Wedbush analyst Michael Pachter weighed in today with research reports on the social media giant Facebook Inc (NASDAQ:FB) and mobile game giant King Digital Entertainment PLC (NYSE:KING), following yesterday’s earnings announcements.
Facebook share are up more than 5% after the company reported an extremely robust quarter driven by mobile ad growth, despite a difficult FX environment. Third-quarter revenues and EPS of $4.5 billion and $0.57 were above consensus of $4.37 billion and $0.52, respectively.
In reaction, Wedbush’s Michael Pachter reiterated an Outperform rating on Facebook, with a price target of $115, which represents a potential upside of 5% from where the stock is currently trading.
Pachter noted, “Despite its phenomenal growth over the past 10 years, we expect Facebook to continue to grow its active user base over the next 10 years. The company has taken its Instagram user base from an estimated 30 million MAU in mid-2012 to over 400 million MAU today. Similarly, its WhatsApp user base has grown from 500 million MAU in early 2014 to over 900 million today. Facebook’s Messenger service has grown to over 700 million MAU from 200 million in early 2014. We expect the company to grow the engagement and monetization of users on these three platforms rapidly over the next several years, while continuing to grow its ARPU globally as it delivers an increasingly media-rich suite of advertisements.”
Furthermore, “As Facebook modifies and improves these more youth-oriented products, it is likely that it can make the transition to Facebook seamless as Instagram and WhatsApp users age. Facebook is rapidly reaching market saturation, with an estimated 60% of total global Internet users visiting its site monthly, and an estimated 70% of all mobile users visiting monthly. Any decline in the number of users for any one of its products may spook investors.”
According to TipRanks.com, which measures analysts’ and bloggers’ success rate based on how their calls perform, analyst Michael Pachter has a total average return of -2.2% and a 46.9% success rate. Pachter has a 49.1% average return when recommending FB, and is ranked #3412 out of 3824 analysts.
Out of the 47 analysts polled by TipRanks, 42 rate Facebook stock a Buy, 4 rate the stock a Hold and 1 recommends a Sell. With a return potential of 8%, the stock’s consensus target price stands at $117.73.
King Digital Entertainment PLC
Pachter downgraded shares of King Digital from an Outperform to a Neutral rating, while keeping his price target at $18, which represents a slight upside potential from current levels.

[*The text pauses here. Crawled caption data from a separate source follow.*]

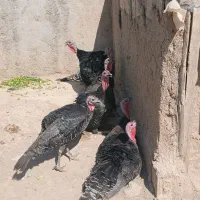 بوق|حیوانات مزرعه|نهاوند, |دیوار
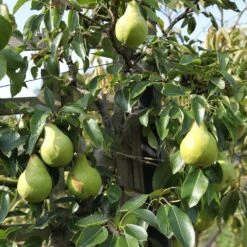 Pear 'Packhams Triumph' -Herbalife Shop pl2000047608 card2 lg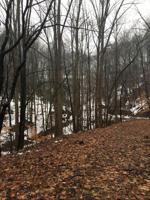 Lot #34-37 43-44 LAKECREST DR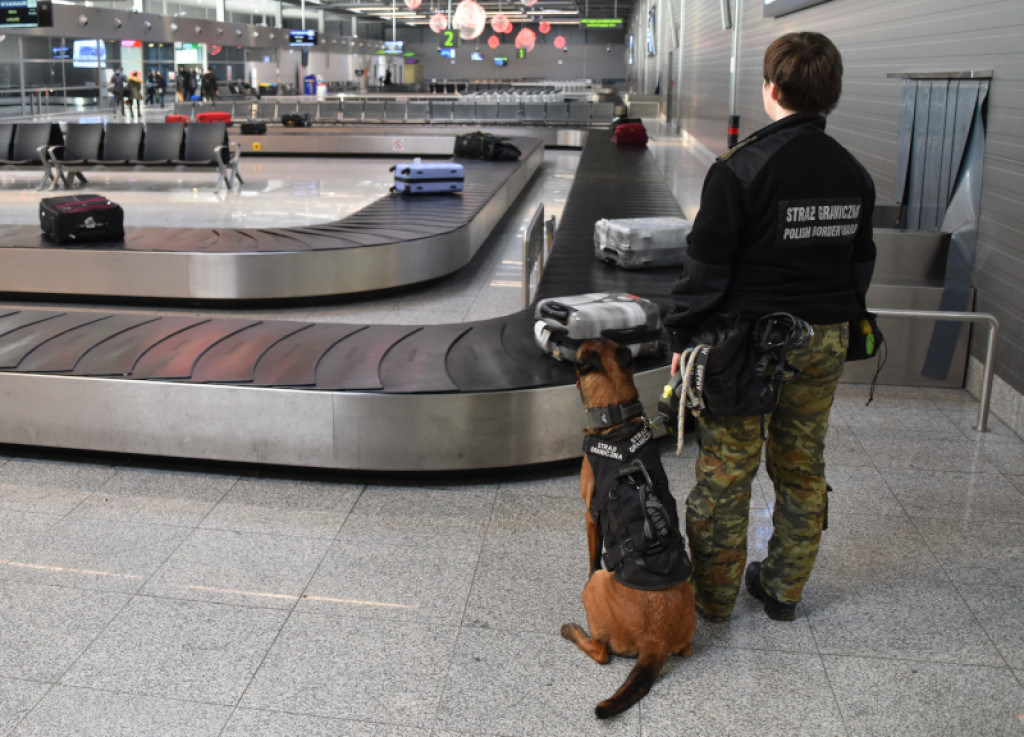 Dzień Psa. Poznajcie psy specjalne z lotniska w Pyrzowicach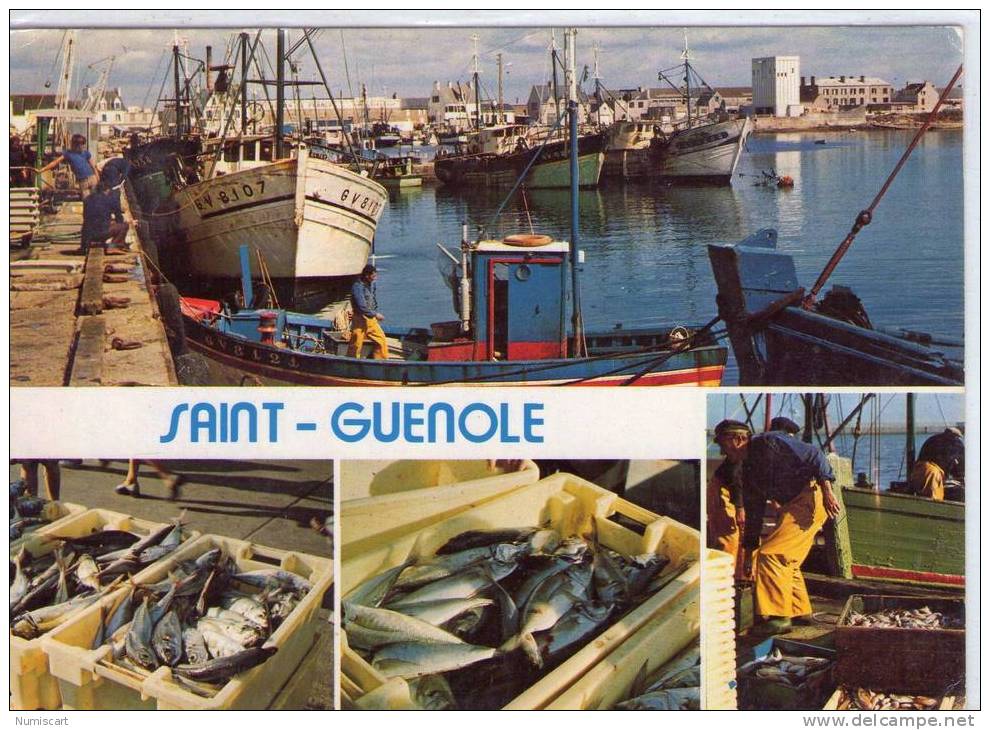 CPM....SAINT-GUENOLE - PENMARCH   AMIMEE   BELLE  MULTI-VUES DU PORT - Penmarch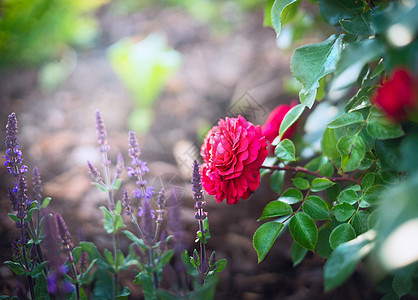 阳光明媚的花园公园背景上的红玫瑰鼠尾草花图片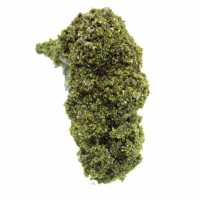 Cristaux d’épidote du Maroc sur gangue beige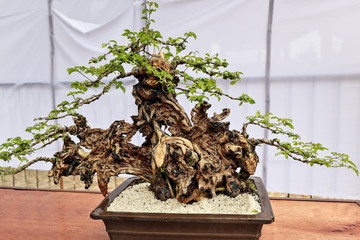 Bonsai tugas bato or simple leaf chastetree-Vitex parviflora or trifolia. Dumaguete-Philippines.0516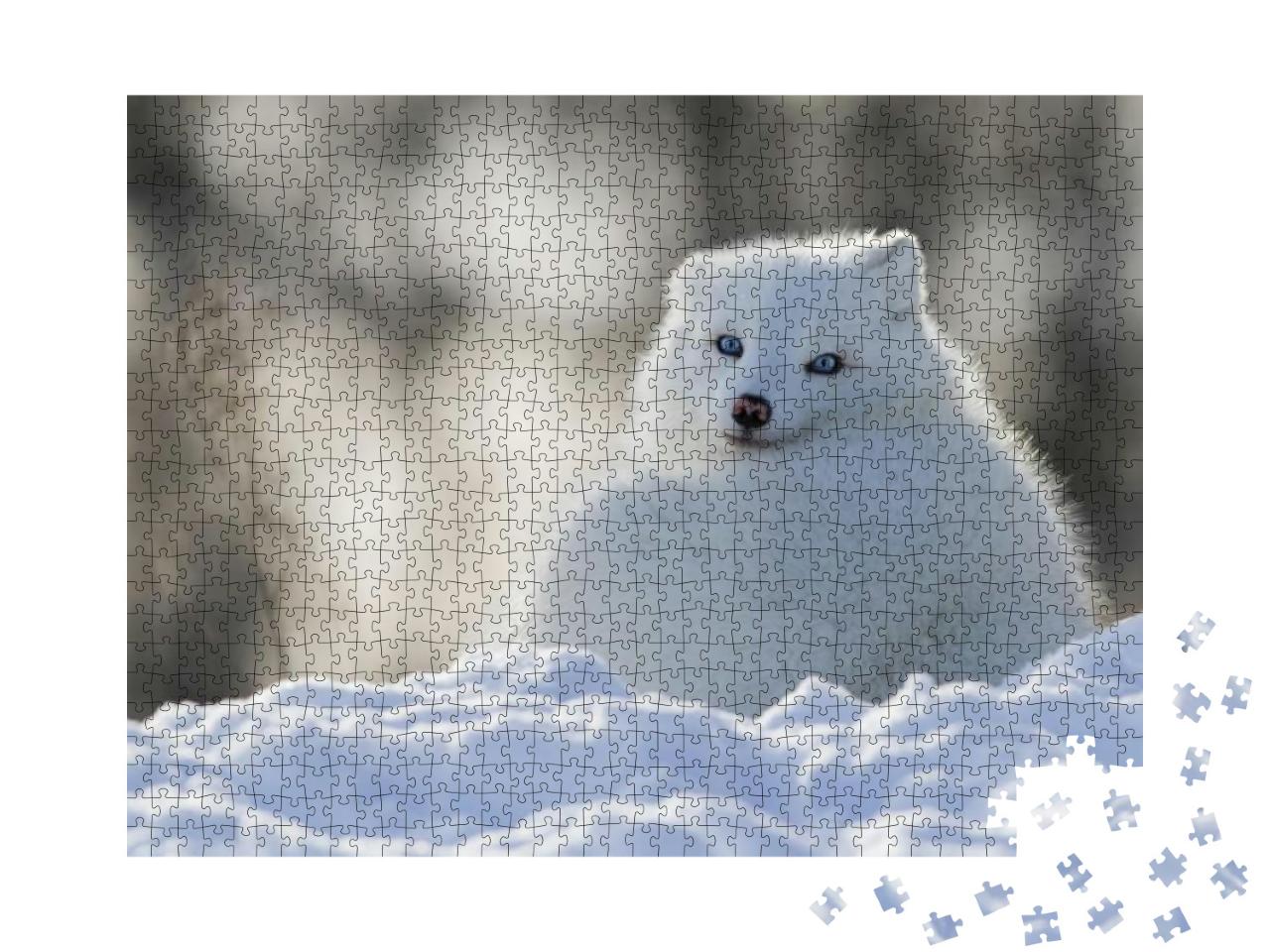 Blue Eyes Arctic Fox... Jigsaw Puzzle with 1000 pieces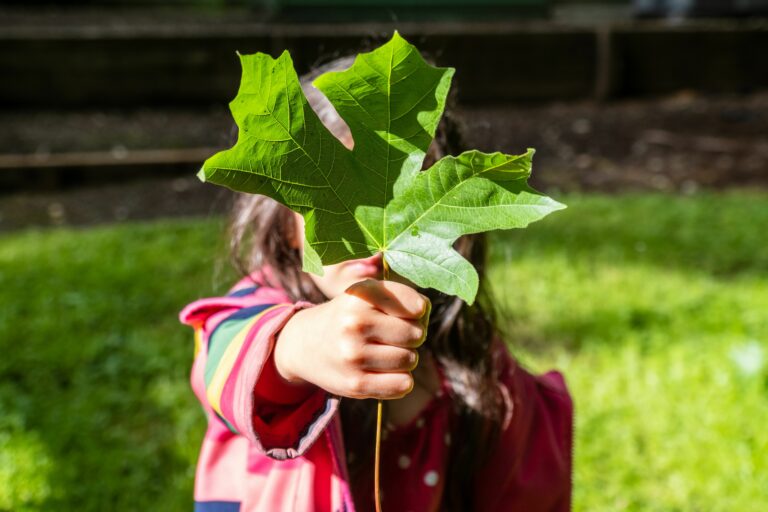 Symbolfoto Nachhaltigkeit Umweltschutz Klimaschutz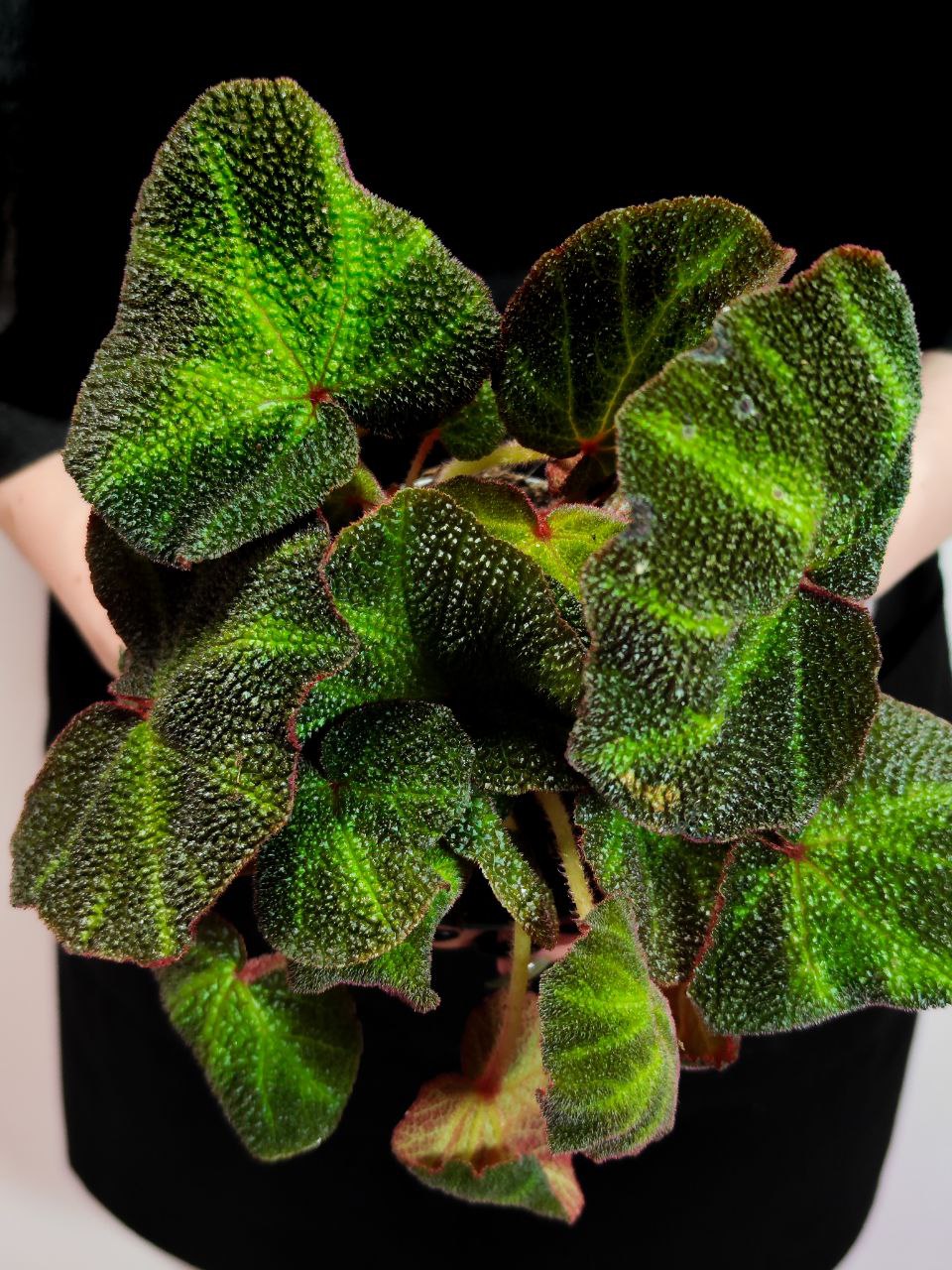 Бегония Соли-Мутата (Begonia Soli-Mutata) D12см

Pachter explained, “King delivered results above expectations, and provided guidance that reflects a stabilizing core business. Bookings of $502 million were above our $490 million estimate and guidance of $460 – 485 million, and guidance for Q4 bookings calls for a range of $475 – 500 million. Based on King’s brief history, it appears to us that the company is intent upon exceeding the high end of guidance, suggesting that Q4 bookings will be sequentially flat.”
“As King is trading close to our 12-month price target of $18, we are downgrading shares. Our price target is based upon a 10x multiple for our $1.80 EPS estimate in 2016, reflecting a discount to the market multiple to account for uneven bookings and the risks associated with a hit-driven business. Given the company’s pending acquisition by Activision Blizzard at our target price, shares are unlikely to appreciate significantly,” the analyst continued.
According to TipRanks.com, Pachter has a 9.9% average return when recommending KING.
Out of the 12 analysts polled by TipRanks, 10 rate King Digital Entertainment stock a Hold, while 2 rate the stock a Buy. With a downside potential of 1.5%, the stock’s consensus target price stands at $17.57.